Поясню на примере. Вот если вы ищете себе сборный загородный домик, в каталоге вы увидите много различных стилистических решений, включая и вполне себе модернистские, по крайней мере, по виду. Такое стилистическое восприятие вещей мне не особо близко, но важно другое — оно демонстрирует наличие у людей различных предпочтений, сосуществующих в одно и то же время. Мы более не можем довольствоваться одной эстетической моделью — у нас открытый тип общества. Это то, что нам дано, — соревнующиеся эстетики, и традиция модернизма остается одним из игроков в этом соревновании.
— Да, у вас не вполне модернистская позиция — авангардисты выдвигали постулаты о непререкаемости их способностей построить светлое будущее...

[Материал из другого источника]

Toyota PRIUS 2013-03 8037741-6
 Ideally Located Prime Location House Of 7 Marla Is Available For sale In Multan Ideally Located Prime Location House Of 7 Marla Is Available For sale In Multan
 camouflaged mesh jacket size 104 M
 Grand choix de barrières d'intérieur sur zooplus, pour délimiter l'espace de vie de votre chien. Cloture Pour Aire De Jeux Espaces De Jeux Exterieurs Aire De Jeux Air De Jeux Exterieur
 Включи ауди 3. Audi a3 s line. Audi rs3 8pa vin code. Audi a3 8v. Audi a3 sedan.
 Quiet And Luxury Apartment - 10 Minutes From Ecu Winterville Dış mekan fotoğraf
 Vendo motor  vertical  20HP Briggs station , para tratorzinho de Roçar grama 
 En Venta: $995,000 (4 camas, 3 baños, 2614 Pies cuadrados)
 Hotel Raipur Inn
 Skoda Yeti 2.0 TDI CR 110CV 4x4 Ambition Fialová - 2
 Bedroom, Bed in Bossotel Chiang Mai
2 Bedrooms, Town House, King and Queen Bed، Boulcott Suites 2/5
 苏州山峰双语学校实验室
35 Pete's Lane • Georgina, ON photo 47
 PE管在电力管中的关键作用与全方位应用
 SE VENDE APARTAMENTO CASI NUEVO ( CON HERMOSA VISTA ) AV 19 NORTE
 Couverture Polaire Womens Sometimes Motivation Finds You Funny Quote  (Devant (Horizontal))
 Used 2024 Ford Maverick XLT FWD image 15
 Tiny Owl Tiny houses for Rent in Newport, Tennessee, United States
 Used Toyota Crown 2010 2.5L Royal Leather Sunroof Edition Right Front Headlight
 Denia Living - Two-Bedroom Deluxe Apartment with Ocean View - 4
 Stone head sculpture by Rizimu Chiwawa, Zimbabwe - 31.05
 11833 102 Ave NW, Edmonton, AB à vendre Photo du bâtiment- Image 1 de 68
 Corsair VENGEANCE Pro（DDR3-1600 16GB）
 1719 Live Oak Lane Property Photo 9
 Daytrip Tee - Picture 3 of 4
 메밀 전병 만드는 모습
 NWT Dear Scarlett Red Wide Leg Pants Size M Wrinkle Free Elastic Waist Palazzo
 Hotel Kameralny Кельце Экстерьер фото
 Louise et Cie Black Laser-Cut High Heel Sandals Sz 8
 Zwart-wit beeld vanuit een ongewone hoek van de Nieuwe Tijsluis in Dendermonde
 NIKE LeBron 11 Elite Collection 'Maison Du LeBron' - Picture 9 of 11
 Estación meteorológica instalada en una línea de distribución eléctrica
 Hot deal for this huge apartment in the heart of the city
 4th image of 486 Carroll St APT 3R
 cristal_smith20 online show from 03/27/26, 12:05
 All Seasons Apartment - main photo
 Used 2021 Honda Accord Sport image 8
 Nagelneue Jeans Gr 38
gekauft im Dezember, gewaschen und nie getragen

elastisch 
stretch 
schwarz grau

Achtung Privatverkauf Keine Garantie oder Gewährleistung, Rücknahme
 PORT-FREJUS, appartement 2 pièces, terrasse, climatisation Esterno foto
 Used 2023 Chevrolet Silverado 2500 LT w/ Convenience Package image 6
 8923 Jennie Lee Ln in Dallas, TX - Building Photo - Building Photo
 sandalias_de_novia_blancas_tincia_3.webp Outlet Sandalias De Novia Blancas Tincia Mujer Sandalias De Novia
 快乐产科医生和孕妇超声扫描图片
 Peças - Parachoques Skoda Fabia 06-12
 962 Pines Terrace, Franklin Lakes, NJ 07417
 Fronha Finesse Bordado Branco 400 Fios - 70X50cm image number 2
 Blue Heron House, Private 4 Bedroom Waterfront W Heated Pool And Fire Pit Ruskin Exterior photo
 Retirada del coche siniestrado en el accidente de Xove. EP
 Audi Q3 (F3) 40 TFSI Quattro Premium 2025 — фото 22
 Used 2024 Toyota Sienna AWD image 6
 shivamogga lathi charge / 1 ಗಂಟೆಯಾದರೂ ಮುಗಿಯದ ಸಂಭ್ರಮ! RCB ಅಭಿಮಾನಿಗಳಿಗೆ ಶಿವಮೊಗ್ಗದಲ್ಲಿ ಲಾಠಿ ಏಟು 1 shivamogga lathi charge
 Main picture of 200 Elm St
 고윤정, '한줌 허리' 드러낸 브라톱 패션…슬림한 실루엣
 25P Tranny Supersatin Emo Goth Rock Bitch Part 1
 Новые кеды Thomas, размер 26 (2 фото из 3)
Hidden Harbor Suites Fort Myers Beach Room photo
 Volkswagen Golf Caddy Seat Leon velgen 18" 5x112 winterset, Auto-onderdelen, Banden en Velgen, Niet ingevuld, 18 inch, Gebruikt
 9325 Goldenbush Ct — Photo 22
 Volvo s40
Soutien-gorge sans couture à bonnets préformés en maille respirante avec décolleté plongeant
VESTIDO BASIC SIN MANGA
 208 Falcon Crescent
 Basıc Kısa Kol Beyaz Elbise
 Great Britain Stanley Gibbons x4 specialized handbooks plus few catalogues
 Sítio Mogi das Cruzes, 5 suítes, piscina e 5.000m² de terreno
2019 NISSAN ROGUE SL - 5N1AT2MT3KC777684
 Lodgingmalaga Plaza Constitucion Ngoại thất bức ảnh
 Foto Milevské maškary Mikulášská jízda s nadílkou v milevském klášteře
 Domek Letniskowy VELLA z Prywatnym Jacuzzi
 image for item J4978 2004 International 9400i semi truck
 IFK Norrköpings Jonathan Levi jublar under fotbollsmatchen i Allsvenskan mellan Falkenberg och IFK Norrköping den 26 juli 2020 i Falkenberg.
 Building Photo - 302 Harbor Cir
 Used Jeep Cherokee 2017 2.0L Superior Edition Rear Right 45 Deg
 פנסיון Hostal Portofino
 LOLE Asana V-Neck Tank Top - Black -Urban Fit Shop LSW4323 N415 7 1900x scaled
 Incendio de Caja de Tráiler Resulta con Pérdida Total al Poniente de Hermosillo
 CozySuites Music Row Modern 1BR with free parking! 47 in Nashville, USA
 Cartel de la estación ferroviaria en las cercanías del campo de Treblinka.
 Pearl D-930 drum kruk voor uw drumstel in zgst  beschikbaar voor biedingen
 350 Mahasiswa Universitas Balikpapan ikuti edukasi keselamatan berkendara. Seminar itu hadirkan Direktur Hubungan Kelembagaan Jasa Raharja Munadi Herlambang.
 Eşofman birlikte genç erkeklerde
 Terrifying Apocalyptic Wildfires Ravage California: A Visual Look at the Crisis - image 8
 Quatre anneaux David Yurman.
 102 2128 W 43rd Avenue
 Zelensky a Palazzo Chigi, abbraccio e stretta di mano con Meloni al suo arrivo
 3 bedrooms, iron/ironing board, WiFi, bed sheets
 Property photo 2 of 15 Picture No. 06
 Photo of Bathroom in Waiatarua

— В те времена казалось, что есть научное знание и оно может сделать счастливым, — позитивистское такое отношение. Попробовали — и стало понятно, что все не так просто, выявились противоречия. В конце года мы открыли выставку, посвященную архитектуре кибуцев (израильский вариант коммунального аграрного поселения, инициированный самими поселенцами в первой половине ХХ века, — «Парк культуры»). В последние 15 лет многие кибуцы были модернизированы, общее принятие еды и душа было отменено — у всех теперь есть личные кухни, а общественные столовые пусты. Это говорит о том, что эксперимент закончился, но жизнь в кибуцах продолжается. Мы показывали на этой выставке историю — историю того, как идея коммунальности, одна из ключевых для авангарда, успела побыть успешной, а затем провалиться. Нам важно увидеть, как идеи развиваются сквозь остальной исторический процесс, даже когда это развитие противоречиво. Ведь, поняв причины происходящего, можно получить науку на будущее. Учиться у прошлого стоит и на удачном примере, и на неудачном.